The more you practice, the more you know—the more of a beginner you become.
I’m years into the Ashtanga rabbit hole (I kinda moved in) and into what’s called third, or “advanced” series—legs behind my head, bending over backward to grab my own knees (okay, I’m just showing off now)—but yes, a beginner.
I finally made it through the mountain of strength-demanding arm balances of the “advanced” series (and not gracefully or Laruga/Kino-ly, but pandemic passably. Or so I thought.)
Then came eka pada bakasana.
If you have no idea what that pose is, don’t worry. Just imagine some weird feat of strength, balancing in the air like you’re weightless—like you’re an Olympic gymnast who dabbles in magic…and so on.
You get the gist.
By the gist, I mean, “Oh shit.” I’m gonna be here for a while. Oh shit, I look like a bumbling toddler trying to walk for the first time. Oh shit, I feel this task to lift my body up like this is impossible, as there is no pulley-lever system in my body to make this happen. Oh shit, I am missing magic, missing parts—please send me back for a refund.
I am sending myself back for a refund.
I don’t have a clue how to get into this pose. It makes me feel silly and weak and lacking; it makes me, frankly, not want to try. So frankly? I haven’t been trying. I’m just hiding under the pandemic blankie like, hey, we’re not doing this for real, right? Because if it is for real, I might be stuck trying for eons, a March to May quarantine feeling of 8,000 years. I’m out of my depth, so just kick me off Instayoga now.
Goddamn it. I’m a beginner.
The irony is that in the “advanced” series, I’m a newbie.
I am not alone. Everyone in Ashtanga is a beginner—somewhere.
I have been a beginner again and again, from headstand to handstand to TikTok, from garbha pindasana with hands through my folded lotus—to way beyond asana. I’ve been a beginner coming back to my mat after setbacks, after loss, and after injury. I’ve been a beginner to postures I’ve known forever (I’m talking about you, revolved triangle) that only seem to ask more of me now.
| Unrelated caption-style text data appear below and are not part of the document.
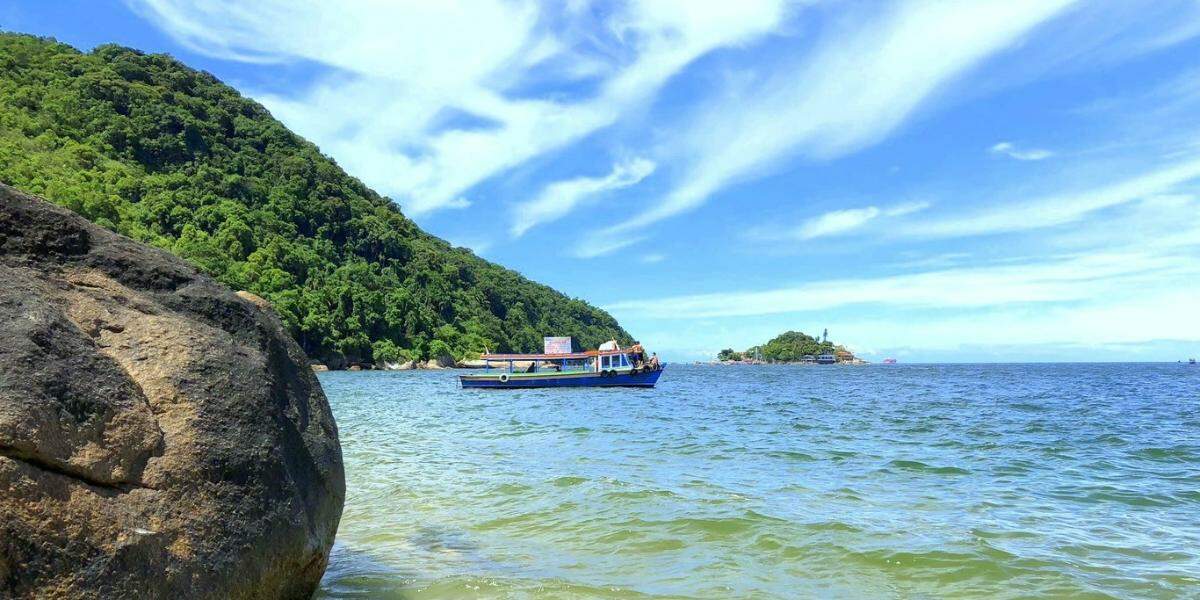 O acesso à praia do Sangava, em Guarujá,  pode ser realizado pelo mar ou por trilhas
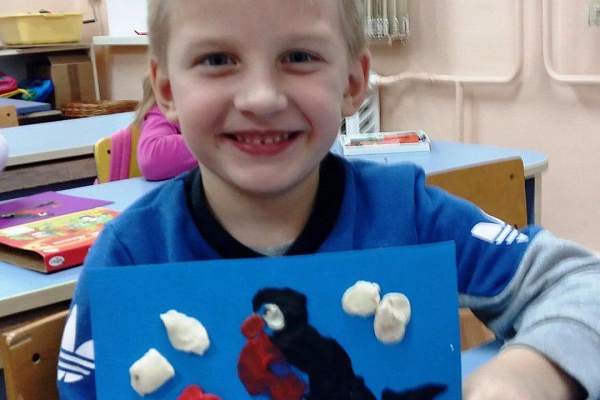 Полюбуйтесь поскорей на красавцев снегирей!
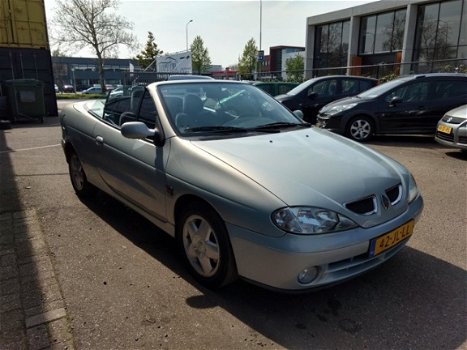 Renault Mégane Cabrio - Mégane 1.4-16V Expression / apk 8-2019 - 1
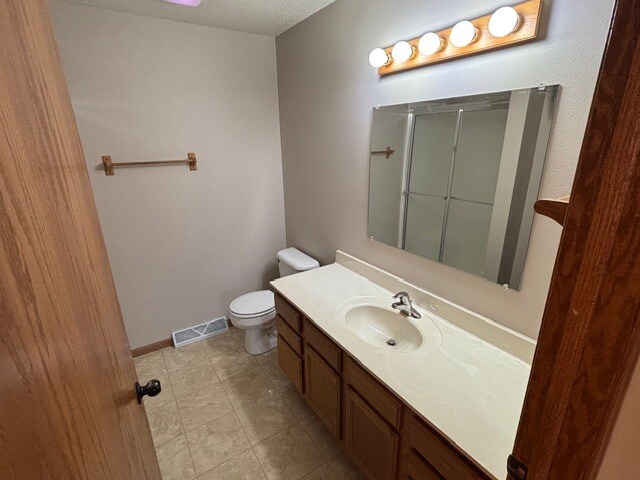 Building Photo - 127 Rosewood Ln S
In Ashtanga, we learn poses as we’re ready for them, and we all get a little stuck somewhere along the line. We practice to meet the pose that has our number—that renders us, once again, a beginner.
It’s as David Garrigues says: “There is no graduation.”
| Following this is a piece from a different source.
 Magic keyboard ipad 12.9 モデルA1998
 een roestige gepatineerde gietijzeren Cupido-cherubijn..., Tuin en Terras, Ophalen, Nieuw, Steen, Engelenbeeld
The only thing I feel less of a newbie at is practice itself. I’ve learned how to practice, to commit and stay in that tunnel, to carve it out in my life and hold onto it in the face of it all. I’ve learned to keep at it, not knowing what will come.
In a way, we’re all beginners.
We’re in the midst of a pandemic and the ever-changing “new normal.” We’re new to this party we frankly did not want to attend, and new to masked faces, to uncertainty and tests shoved in our noses, to home offices with interrupting children, to job losses, to yoga studio closures, and to Zoom.
We’re all beginners.
So back to my friend, who reminded me how I’m a beginner. A reluctant beginner, an “I’m going to look dumb” beginner, and certainly not look-like-Kino beginner. But in the moment of that conversation, a wiser me said:
I like being a beginner. I do a little CrossFit and weight lifting now, and I like that I have no idea what I’m doing, so unlike with yoga, I have no expectation to be good or need to prove anything. I just give it a shot and enjoy it.
Time to take my own advice. Time to accept that I’m a beginner, to revel in it, to roll like a pig in it, like an I-just-got-outside-and-ripped-off-my-mask-inhale-it kind of beginner; to let go of being “advanced,” and own my nincompooperyish way through this pose and—enjoy it.
You’ve probably heard the Zen Buddhist saying:
“In the beginner’s mind there are many possibilities, but in the expert’s there are few.” ~ Shunryu Suzuki
It’s time to see the possibilities—not just in a new pose, but in this new normal life.